Today I worked with a little boy whose mind hasn't kept pace with everything else. It's interesting when being able to handle a crayon is a huge leap forward.

"Normals" are expected to progress the same way--crawl by a certain age, able to sit still, walking, all are milestones that can be targeted more or less to the calendar. But the thing that makes life interesting are the variances.

Life would be extremely boring if we were all normal.

In one of my stories I used a little boy with autism. In another, someone with multiple personalities. I like using unusual (i.e., nontraditional) characters. Old people, widows, children with disabilities, they're all interesting, and all different. Writing them is different as well, since they don't fit into the mold that people expect. Their behavior, speech patterns (or lack of) and personalities are going to be different.

I like to write about the differences in the human spectrum rather than the sameness. I sincerely hope that no one will ever describe my writing as "normal."

Excerpt from "The Maker"

The woman moved away, through one of the wide arches. A moment later she was back, leading a child by the hand. Perhaps six years old, Bar thought, although he wasn’t certain. The woman knelt beside him, keeping hold of a hand. “Sjus.”

That seemed to be the child’s name, although he made no attempt to make eye contact with the woman.

Gently she grasped his chin and turned his head toward her. “Sjus, you heard a baby in the halls.”

His tongue touched his lip, and he stared at the wall. Betina glanced worriedly at Keeper Bar, then returned her attention to the child. Everyone else seemed unconcerned about the child’s odd behavior.
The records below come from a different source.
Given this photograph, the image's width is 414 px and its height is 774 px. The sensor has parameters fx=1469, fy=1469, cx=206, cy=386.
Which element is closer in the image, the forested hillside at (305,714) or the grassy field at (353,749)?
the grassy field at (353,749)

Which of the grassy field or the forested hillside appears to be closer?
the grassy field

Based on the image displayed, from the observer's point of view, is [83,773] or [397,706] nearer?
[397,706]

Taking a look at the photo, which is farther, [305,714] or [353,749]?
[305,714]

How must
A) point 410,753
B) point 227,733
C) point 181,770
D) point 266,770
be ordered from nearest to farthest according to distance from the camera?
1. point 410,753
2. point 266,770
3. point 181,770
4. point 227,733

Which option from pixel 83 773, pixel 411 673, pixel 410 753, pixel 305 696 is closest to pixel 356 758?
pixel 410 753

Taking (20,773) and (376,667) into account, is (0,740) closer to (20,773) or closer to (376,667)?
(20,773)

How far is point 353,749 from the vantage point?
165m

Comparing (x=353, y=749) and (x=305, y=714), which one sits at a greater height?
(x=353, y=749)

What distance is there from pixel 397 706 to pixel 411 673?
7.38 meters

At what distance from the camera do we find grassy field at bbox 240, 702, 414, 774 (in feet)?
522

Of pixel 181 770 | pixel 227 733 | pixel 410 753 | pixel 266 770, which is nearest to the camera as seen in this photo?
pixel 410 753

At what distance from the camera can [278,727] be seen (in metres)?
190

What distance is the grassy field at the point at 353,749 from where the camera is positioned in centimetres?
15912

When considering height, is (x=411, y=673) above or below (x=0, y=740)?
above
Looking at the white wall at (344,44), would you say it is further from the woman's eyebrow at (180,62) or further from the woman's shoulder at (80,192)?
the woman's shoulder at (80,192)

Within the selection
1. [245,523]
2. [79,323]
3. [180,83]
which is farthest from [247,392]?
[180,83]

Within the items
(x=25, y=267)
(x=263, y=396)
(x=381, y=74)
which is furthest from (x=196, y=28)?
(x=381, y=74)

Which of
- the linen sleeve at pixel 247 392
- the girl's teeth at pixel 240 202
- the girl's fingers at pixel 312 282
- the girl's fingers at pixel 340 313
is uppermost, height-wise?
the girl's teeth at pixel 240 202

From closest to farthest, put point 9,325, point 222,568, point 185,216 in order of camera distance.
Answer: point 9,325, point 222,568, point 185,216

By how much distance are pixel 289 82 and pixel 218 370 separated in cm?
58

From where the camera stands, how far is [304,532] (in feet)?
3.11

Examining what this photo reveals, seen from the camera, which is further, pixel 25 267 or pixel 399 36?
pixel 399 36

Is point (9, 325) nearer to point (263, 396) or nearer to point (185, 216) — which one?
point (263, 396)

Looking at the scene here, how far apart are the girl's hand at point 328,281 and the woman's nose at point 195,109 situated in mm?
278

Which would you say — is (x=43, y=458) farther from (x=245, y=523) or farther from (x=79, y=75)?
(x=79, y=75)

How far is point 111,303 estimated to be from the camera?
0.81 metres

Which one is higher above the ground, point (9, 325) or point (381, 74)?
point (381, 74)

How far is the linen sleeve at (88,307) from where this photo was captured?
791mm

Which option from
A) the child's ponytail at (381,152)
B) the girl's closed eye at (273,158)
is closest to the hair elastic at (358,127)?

The woman spoke again. “Sjus.”

For just a moment he met her eyes, then glanced away. Abruptly he opened his mouth, and Bar stiffened as he heard the wail of a young child emerge. The sound lasted only a moment before it cut off abruptly, followed by little whining sounds as if the child’s cries were being smothered by a hand.
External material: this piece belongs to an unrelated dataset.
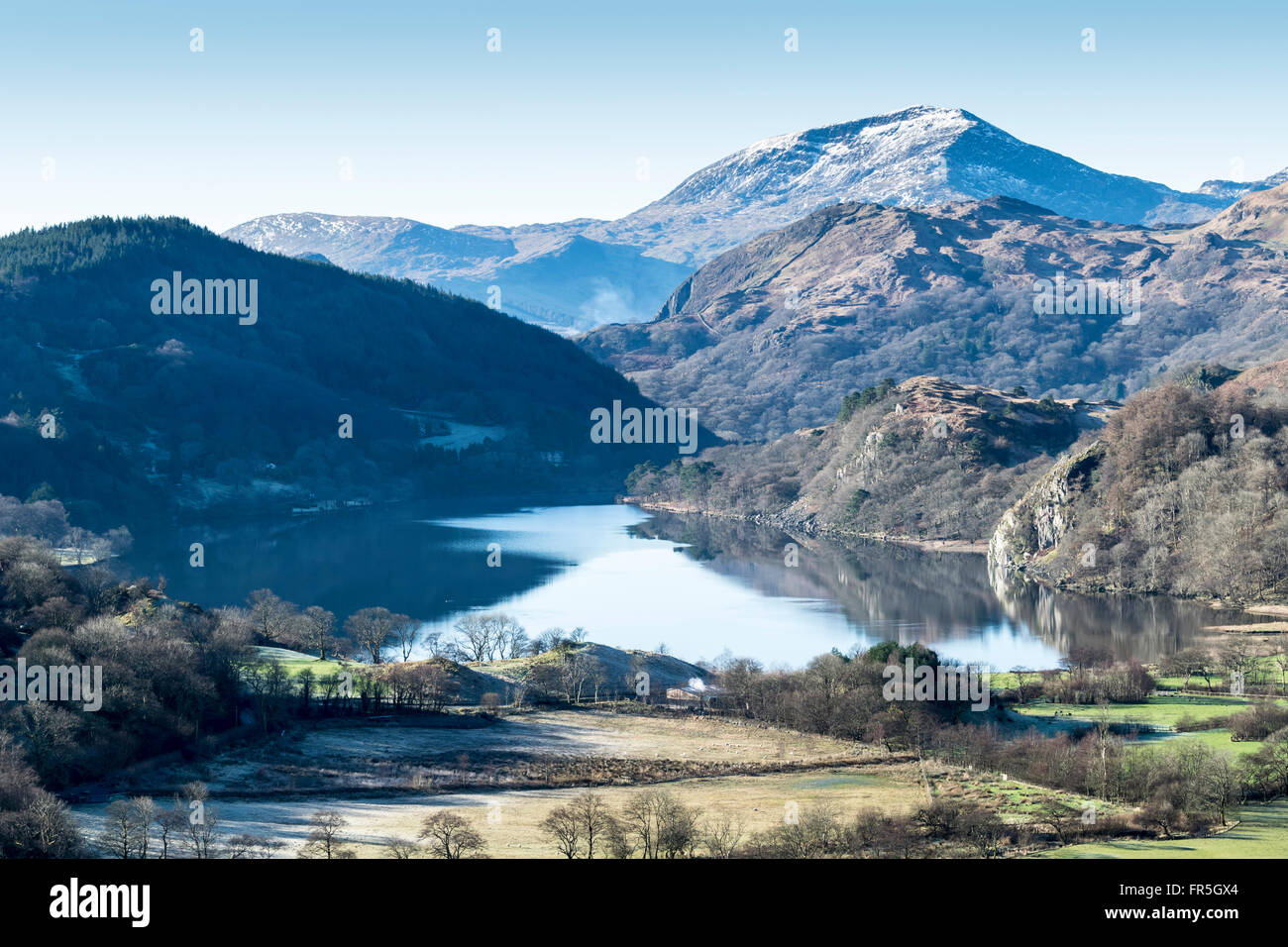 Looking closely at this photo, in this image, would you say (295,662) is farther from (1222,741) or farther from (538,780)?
(1222,741)

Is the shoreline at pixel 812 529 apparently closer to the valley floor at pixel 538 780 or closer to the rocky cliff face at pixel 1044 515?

Quietly, Bar knelt beside the woman and copied the gesture of gently grasping the boy’s chin so that he was forced to look at the older man. “What else did you hear?”

The boy’s eyes glittered at him for a moment, and Bar could have sworn he looked amused. Again the boy opened his mouth, and although the voice was his own he was repeating, verbatim, what Bar had told the Elders on the roof the night before. Bar let him talk, nodding, and for the first time the child met his eyes.
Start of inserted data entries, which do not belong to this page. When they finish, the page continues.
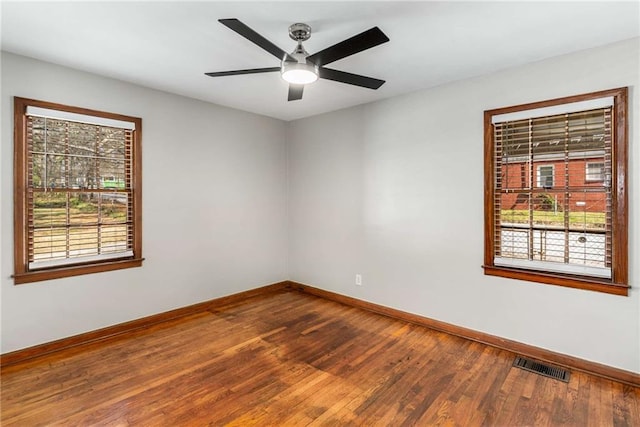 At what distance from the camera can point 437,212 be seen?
350 centimetres

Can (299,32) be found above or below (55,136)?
above

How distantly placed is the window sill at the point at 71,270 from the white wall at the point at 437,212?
235cm

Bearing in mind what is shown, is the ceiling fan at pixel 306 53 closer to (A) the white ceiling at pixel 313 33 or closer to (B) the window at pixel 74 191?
(A) the white ceiling at pixel 313 33

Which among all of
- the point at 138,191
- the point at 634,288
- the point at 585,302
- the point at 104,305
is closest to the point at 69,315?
the point at 104,305

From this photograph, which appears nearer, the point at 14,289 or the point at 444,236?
the point at 14,289

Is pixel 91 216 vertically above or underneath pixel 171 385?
above

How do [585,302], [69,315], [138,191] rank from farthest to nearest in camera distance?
[138,191], [69,315], [585,302]

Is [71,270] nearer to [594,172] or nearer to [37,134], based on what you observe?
[37,134]

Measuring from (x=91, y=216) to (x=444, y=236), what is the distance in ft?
12.0

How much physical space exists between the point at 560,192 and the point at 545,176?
184 mm

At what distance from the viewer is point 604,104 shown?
255 cm

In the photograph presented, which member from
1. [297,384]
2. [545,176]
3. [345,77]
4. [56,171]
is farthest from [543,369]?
[56,171]

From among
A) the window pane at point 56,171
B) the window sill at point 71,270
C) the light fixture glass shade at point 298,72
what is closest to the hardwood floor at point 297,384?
the window sill at point 71,270

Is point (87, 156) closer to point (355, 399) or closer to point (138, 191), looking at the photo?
point (138, 191) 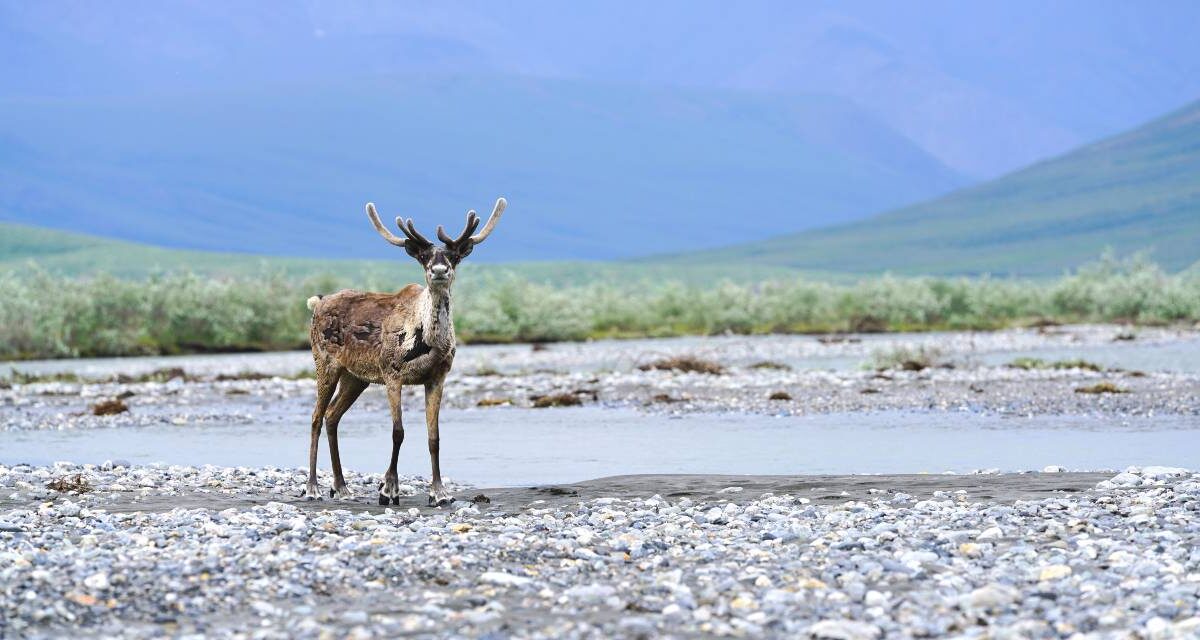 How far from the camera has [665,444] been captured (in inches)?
905

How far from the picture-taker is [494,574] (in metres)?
11.1

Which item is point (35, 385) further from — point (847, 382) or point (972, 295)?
point (972, 295)

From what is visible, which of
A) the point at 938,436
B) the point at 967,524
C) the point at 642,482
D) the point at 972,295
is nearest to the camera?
the point at 967,524

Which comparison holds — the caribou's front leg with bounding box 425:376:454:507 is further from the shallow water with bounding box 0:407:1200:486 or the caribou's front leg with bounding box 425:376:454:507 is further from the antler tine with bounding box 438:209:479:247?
the shallow water with bounding box 0:407:1200:486

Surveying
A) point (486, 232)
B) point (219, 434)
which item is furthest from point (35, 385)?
point (486, 232)

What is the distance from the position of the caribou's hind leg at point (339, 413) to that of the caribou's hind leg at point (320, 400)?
10 centimetres

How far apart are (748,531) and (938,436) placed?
10.9m

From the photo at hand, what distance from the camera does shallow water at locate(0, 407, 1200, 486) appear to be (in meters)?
19.7

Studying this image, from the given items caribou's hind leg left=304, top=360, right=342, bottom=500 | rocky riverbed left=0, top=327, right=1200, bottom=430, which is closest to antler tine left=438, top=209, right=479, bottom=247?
caribou's hind leg left=304, top=360, right=342, bottom=500

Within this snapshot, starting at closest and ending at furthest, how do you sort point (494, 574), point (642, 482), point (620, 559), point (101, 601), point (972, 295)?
1. point (101, 601)
2. point (494, 574)
3. point (620, 559)
4. point (642, 482)
5. point (972, 295)

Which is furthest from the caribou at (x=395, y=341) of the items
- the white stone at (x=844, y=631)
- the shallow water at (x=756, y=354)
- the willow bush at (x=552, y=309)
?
the willow bush at (x=552, y=309)

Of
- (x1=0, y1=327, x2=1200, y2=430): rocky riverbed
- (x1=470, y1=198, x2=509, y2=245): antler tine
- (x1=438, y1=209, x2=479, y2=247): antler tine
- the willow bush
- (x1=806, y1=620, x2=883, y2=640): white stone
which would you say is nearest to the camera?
(x1=806, y1=620, x2=883, y2=640): white stone

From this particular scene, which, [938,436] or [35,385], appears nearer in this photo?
[938,436]

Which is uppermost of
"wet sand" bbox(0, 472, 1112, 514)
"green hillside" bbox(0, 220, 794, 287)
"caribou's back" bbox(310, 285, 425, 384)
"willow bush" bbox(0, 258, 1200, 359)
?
"green hillside" bbox(0, 220, 794, 287)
“Can you show me where you were when you heard the baby cry?” Bar kept his eyes on the boy’s face, even while the boy stared at his shoulder.

“He doesn’t understand,” the woman whispered, but Bar lifted a hand, hushing her.

“Can you show me where you were when you heard the baby cry?”

The boy smiled and turned away, running through the crowded room without apparent concern for those he ran into. He simply bounced off them and continued, although Bar noted that most moved out of his way, as if this behavior was habitual.